- Opening Delimiter -

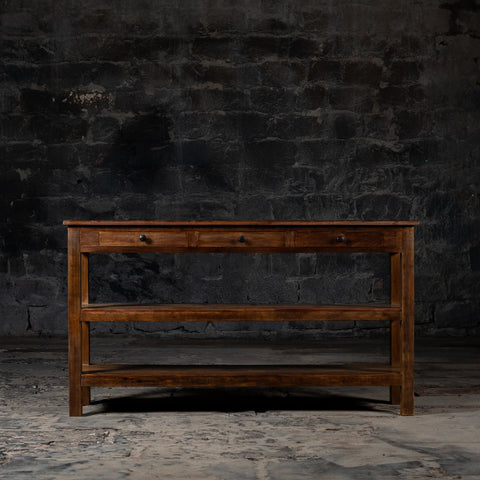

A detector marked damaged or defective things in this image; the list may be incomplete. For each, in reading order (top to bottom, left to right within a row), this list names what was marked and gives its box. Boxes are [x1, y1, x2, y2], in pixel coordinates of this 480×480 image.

cracked concrete floor [0, 338, 478, 480]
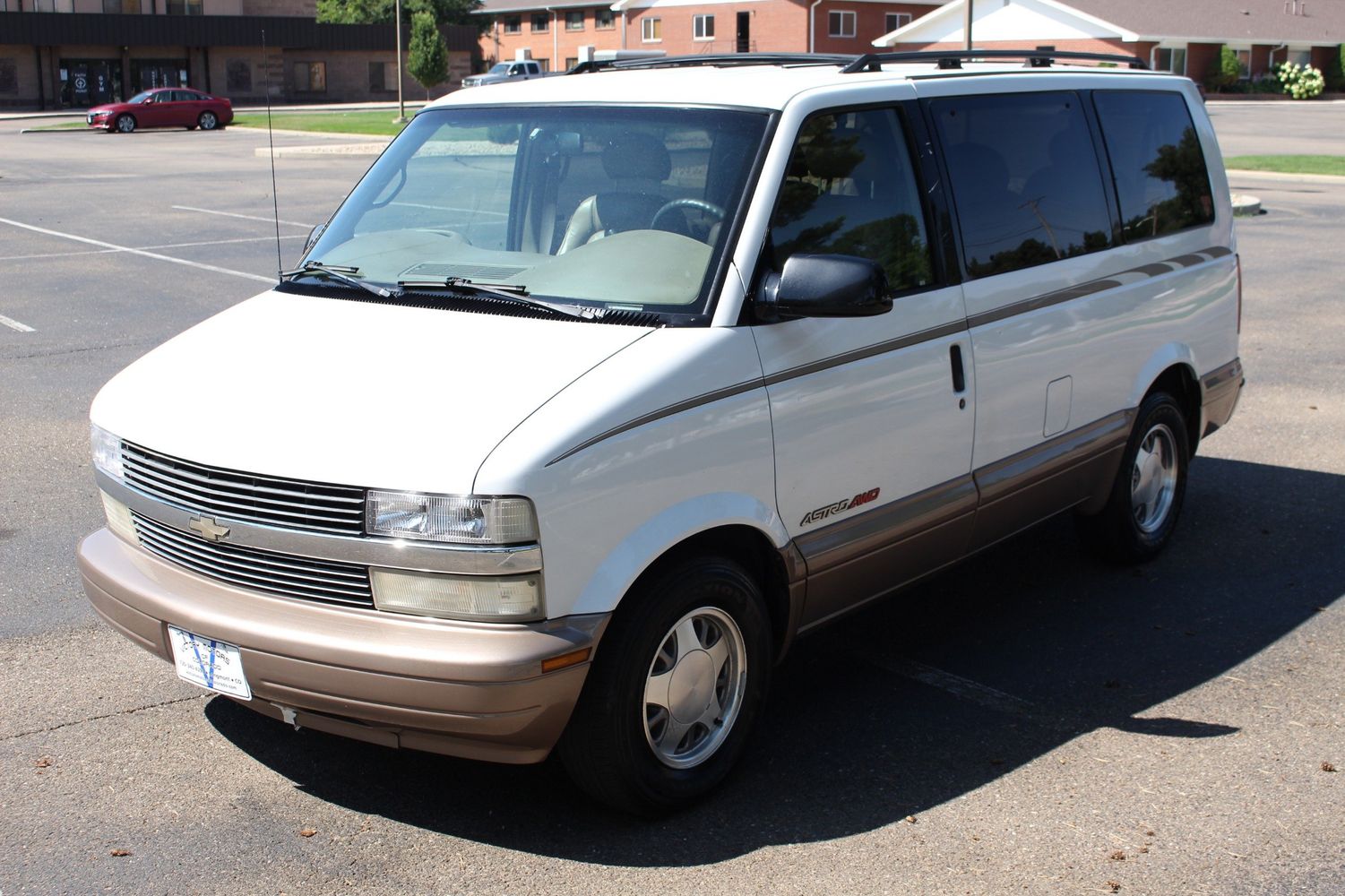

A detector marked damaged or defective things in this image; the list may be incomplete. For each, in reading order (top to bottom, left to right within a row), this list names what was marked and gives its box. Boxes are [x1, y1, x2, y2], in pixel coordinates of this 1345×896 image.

crack in asphalt [1, 688, 205, 737]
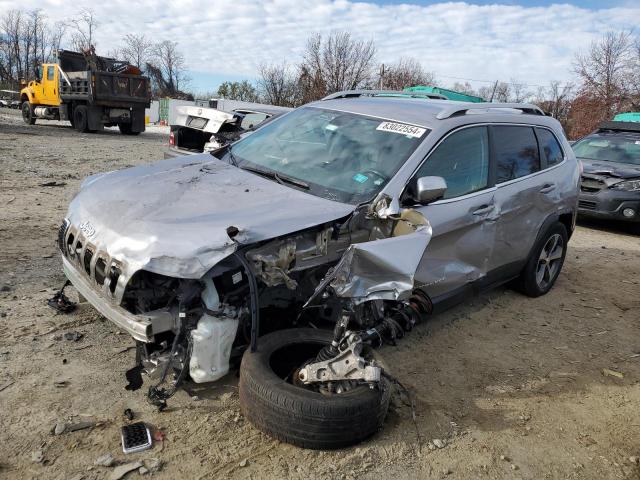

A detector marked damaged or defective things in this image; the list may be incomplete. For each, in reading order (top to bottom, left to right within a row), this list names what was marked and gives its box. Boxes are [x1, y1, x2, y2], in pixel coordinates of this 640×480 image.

crushed hood [69, 155, 356, 278]
crashed silver suv [60, 91, 580, 450]
detached tire [516, 221, 568, 296]
crushed hood [580, 158, 640, 179]
damaged wheel assembly [239, 328, 390, 448]
detached tire [240, 328, 390, 448]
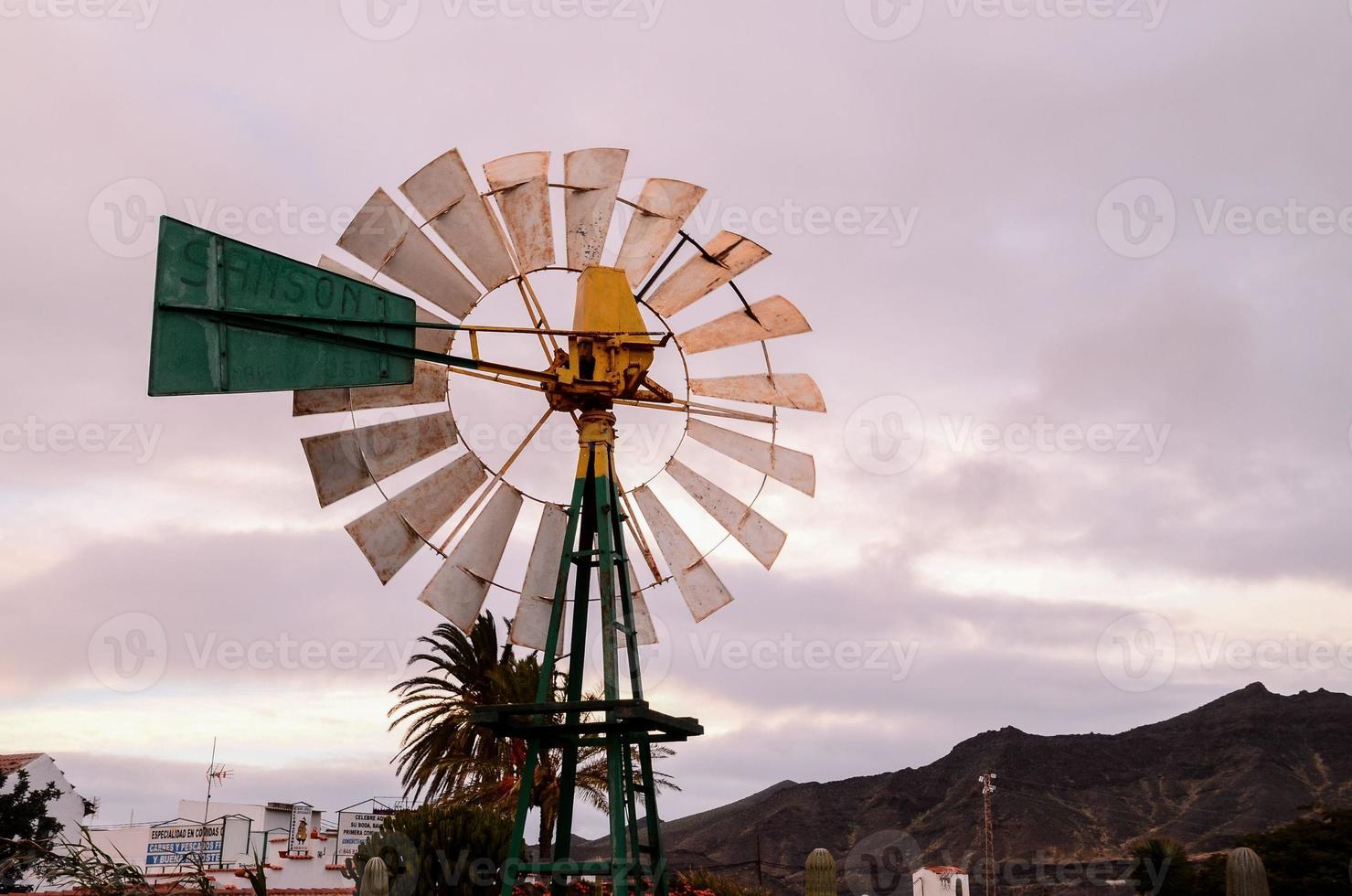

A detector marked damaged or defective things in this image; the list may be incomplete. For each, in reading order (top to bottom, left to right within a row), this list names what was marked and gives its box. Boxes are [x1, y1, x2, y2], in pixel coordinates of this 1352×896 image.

rusty wind blade [338, 189, 483, 318]
rusty wind blade [402, 149, 519, 291]
rusty wind blade [483, 152, 552, 272]
rusty wind blade [563, 148, 625, 269]
rusty wind blade [618, 181, 709, 291]
rusty wind blade [647, 231, 772, 318]
rusty wind blade [673, 296, 808, 355]
rusty wind blade [691, 373, 819, 411]
rusty wind blade [302, 410, 459, 508]
rusty wind blade [344, 452, 486, 585]
rusty wind blade [421, 483, 527, 629]
rusty wind blade [508, 505, 567, 651]
rusty wind blade [625, 560, 658, 644]
rusty wind blade [633, 486, 735, 618]
rusty wind blade [662, 463, 786, 567]
rusty wind blade [687, 421, 815, 497]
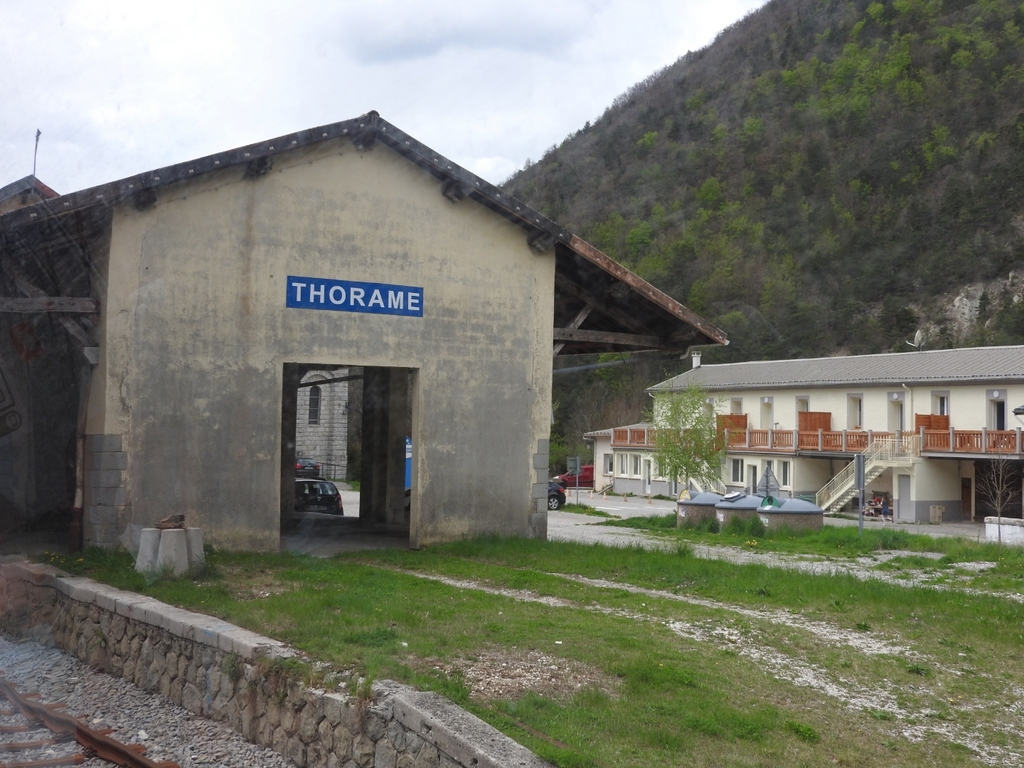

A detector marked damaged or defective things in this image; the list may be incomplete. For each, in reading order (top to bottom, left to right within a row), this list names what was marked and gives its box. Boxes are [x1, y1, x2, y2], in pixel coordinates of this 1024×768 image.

rusty rail [0, 679, 180, 768]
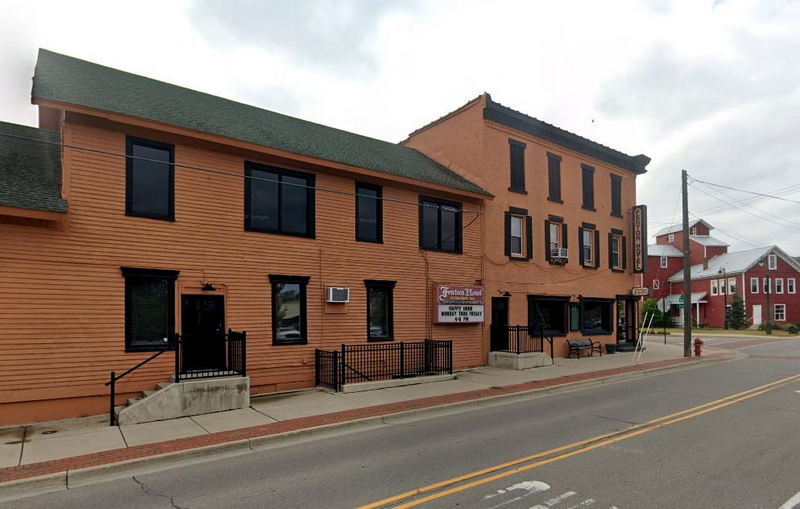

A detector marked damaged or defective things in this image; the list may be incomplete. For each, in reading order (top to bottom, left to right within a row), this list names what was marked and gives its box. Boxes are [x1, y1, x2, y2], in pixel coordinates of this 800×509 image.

road crack [132, 474, 188, 506]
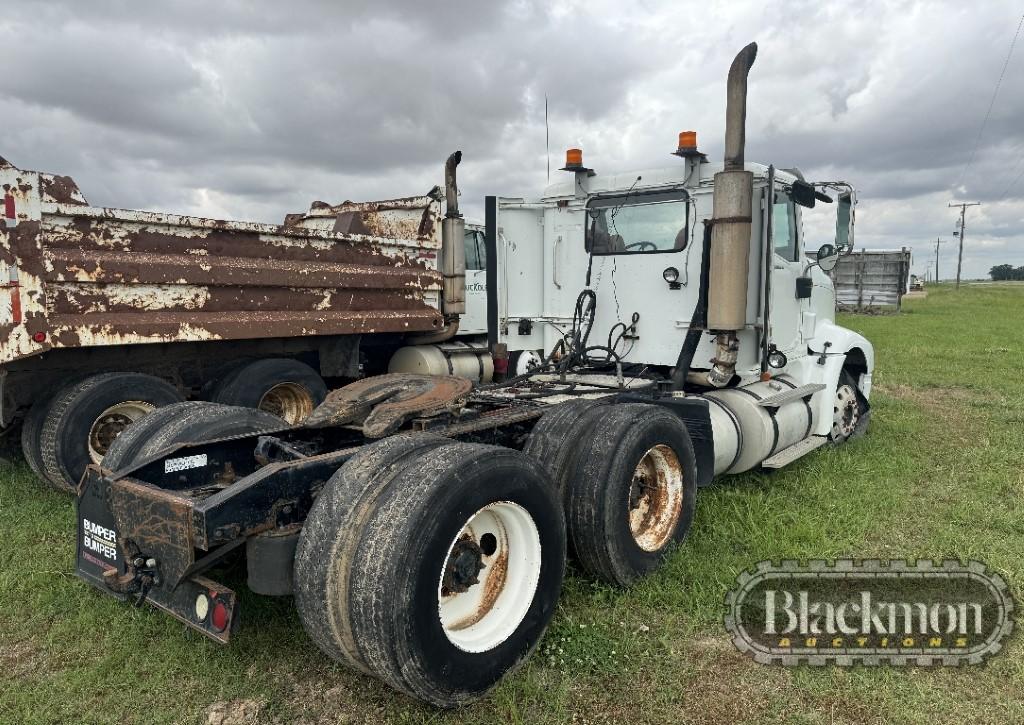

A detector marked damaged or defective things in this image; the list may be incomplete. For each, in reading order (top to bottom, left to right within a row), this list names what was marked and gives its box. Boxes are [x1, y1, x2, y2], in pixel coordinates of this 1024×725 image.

rusty metal dump bed [1, 157, 448, 362]
rusty dump truck bed [1, 156, 448, 364]
peeling paint on dump bed [1, 158, 448, 362]
rusty wheel rim [88, 401, 155, 464]
rusty wheel rim [256, 378, 311, 423]
rusty wheel rim [626, 442, 684, 557]
rusty wheel rim [436, 501, 540, 655]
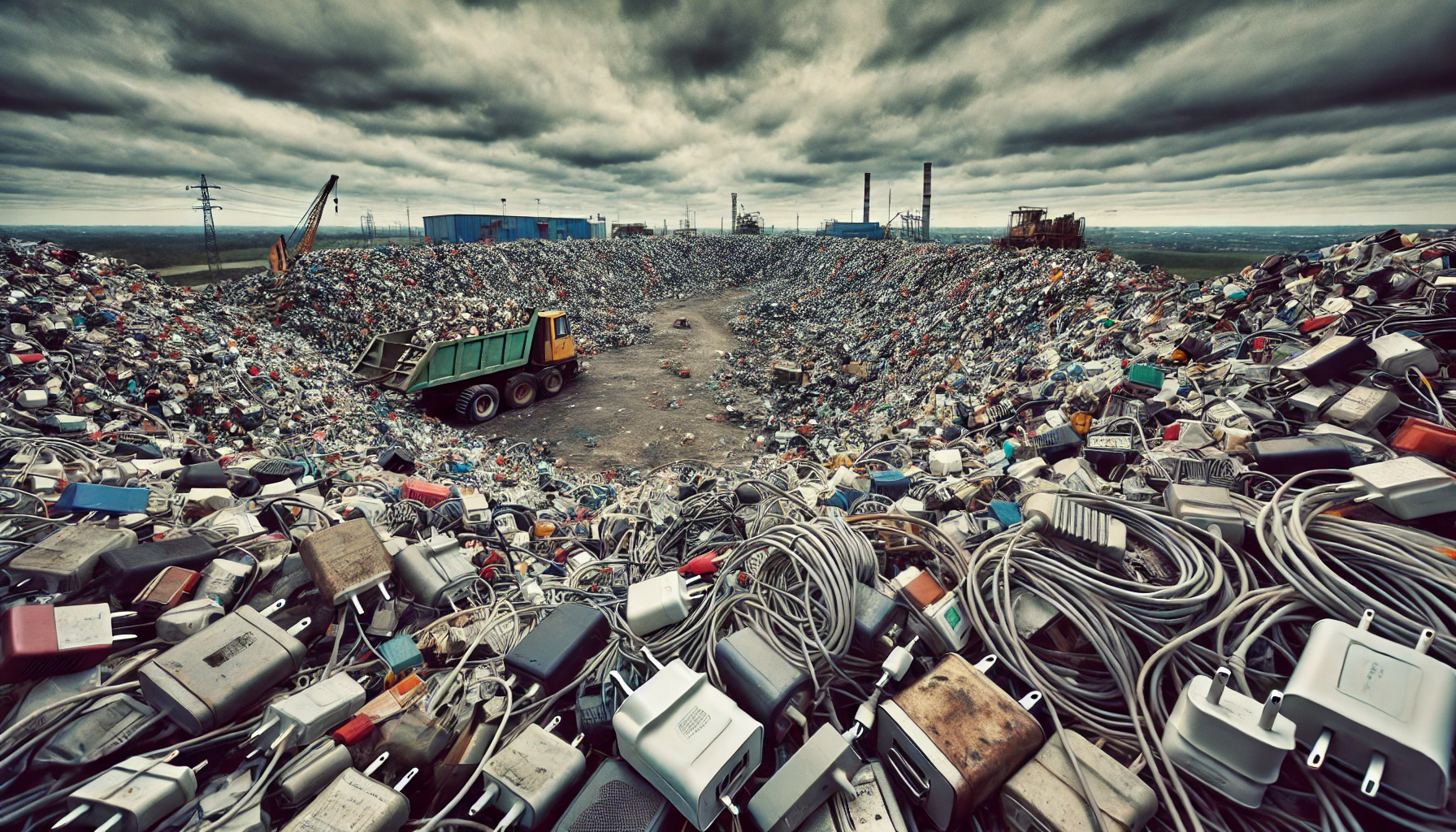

- Closing Delimiter -

Work to be completed: Starting with the line that holds "this 800×509 image.", return each line exactly through the final line of the entries above; pictures are not part of the output.

Answer:
A detector marked damaged or defective things in this image; the list may be incomplete. For each, in reading order (top to bottom, left to right within a row), this list names what was marked and gives its box. Boxes are [x1, y1, x2, y2], in pixel coordinates of this 800×509 image.

road crack [132, 474, 188, 506]

A detector marked damaged or defective things in this image; the list may be incomplete. For each, in reading order (top to bottom, left to right within a row), this list names what was marked and gives its box. Boxes are [x1, y1, x2, y2], in pixel coordinates of this 1024×725 image.

rusty metal dump bed [1, 157, 448, 362]
rusty dump truck bed [1, 156, 448, 364]
peeling paint on dump bed [1, 158, 448, 362]
rusty wheel rim [88, 401, 155, 464]
rusty wheel rim [256, 378, 311, 423]
rusty wheel rim [626, 442, 684, 557]
rusty wheel rim [436, 501, 540, 655]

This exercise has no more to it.